In 2004 Bush re-instituted lunar exploration as the primarary goal of NASA, partially because of the advanced programs of China, the EU, and India. The resources on the moon are a potential energy source for the next millenia.The cost is estimated at 100 billion dollars. Heium3, which emits hardly any neutrons during the fusion process, rendering it almost harmless to the containment grids, is abundant on the moon, according to samples from the Apollo missions. These samples were given to other nations as a good will gesture during the 1970's.Is there a new space race for the moon now, and is it essential for the US to use our past expertise at getting to the moon to ensure we capture the untold benefits of this limitless energy source?
2007-12-11 14:45:36 · 12 answers · asked by booman17 7 in Science & Mathematics ➔ Astronomy & Space
Brant. thanks for the response, 1 gram of He3 fused produces enough enery to render fission obselete. Youa re correct in pointing out the difficulties of getting it back to Earth though, that is the jist of my question. Is the cost worth it? Can we afford not to be first in the long run?
2007-12-11 15:02:19 · update #1
Thanks for your answer, but we know He3 is abundant on the moon. We don't know that about Mars. I see where you are going, but for our immedient needs, isn't the moon more important?
2007-12-11 15:17:43 · update #2
Cbirch, sorry it came across that way. It was an attention getter and not really meant just for the MENSA crowd, but I did get you to look.
2007-12-12 00:40:05 · update #3
Bob, thats part of what makes He3 so attractive, there is a lot of current research being done with the containment fields that looks promising because when He3 is fused, it does not eject the neutrons that cause the containment fields to degrade rapidly, like other materials.
2007-12-12 00:43:37 · update #4
Brant again, sorry I am not allowed to argue with you anymore, My IQ is not above 160, but indulge me anyway. I have attached a link on the subject for everyone to check out!
2007-12-12 00:50:45 · update #5
http://www.space.com/scienceastronomy/helium3_000630.html
2007-12-12 00:51:26 · update #6
I have an IQ over 140 and I don't know the answer to your question. This DOES put me at level six, though!!!
Just a guess: He3 will not be a practical source of energy until we can get more out of it than it costs, (in energy), to bring it here. There are other vast, untapped sources of energy which I believe would be much more cost efficient. I would think that others who advise Bush would tell him this. Maybe this would be a good place for Condoleezza to apply her superior brain power. Like this: "George, look. You hired me because I'm ten times smarter than you. Now listen up!"

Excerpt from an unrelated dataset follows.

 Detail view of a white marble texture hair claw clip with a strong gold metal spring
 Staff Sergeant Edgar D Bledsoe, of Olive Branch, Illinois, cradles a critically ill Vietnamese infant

Edit: Okay, a little calculation, here. The moon's regolith is made up mostly of basaltic rock and meteoric dust. These materials are composed largely of light metals, silica, and oxygen. So let's roughly estimate the atomic parts at an AMU of about 28. The average AMU of regolith would be about 28. He3 (AMU=3) has a concentration of about .01 PPM, ore one part per hundred million. The ratio would be 28 grams for a mole of regolith atoms to 3 grams per mole of He3. You need 100 million moles to get 3 grams of He3. 100 million moles of regolith atoms would weigh 2.8 billion grams. That's 2.8 million kilograms. That means you would have to mine, bring back, and refine 1400 metric tons of regolith for every three grams of He3. Hardly worth it. (Unless that is enough to generate the 2.1 gigawatts of electricity necessary to...., uh, sorry. That was something else.)
I welcome disagreement. But you must have an IQ of at least 160.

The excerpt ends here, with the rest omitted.